***** Data for this task *****
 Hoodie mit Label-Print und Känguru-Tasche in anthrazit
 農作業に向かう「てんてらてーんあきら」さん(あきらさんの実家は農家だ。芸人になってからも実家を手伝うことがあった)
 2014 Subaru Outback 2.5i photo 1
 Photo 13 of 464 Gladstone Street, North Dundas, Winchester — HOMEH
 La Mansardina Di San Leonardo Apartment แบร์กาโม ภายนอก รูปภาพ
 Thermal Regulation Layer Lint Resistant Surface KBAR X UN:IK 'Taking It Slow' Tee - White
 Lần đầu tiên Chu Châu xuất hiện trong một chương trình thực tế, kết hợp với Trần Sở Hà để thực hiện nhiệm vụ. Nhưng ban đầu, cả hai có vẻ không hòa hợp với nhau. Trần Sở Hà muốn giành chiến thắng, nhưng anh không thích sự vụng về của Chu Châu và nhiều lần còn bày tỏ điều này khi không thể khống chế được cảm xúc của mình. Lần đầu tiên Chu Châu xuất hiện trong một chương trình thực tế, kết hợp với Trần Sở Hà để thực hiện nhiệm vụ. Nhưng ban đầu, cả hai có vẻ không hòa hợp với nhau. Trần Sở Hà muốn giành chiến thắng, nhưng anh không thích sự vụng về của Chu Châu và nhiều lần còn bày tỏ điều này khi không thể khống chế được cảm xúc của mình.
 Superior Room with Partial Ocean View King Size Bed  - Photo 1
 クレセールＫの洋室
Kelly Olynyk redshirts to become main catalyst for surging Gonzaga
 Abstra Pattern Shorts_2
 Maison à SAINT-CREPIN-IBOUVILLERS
*****
### Task to complete
Restate word for word the lines above, beginning with the one that contains "Abstra Pattern Shorts_2" and ending with the last line.

### Exercise solution
 Abstra Pattern Shorts_2
 Maison à SAINT-CREPIN-IBOUVILLERS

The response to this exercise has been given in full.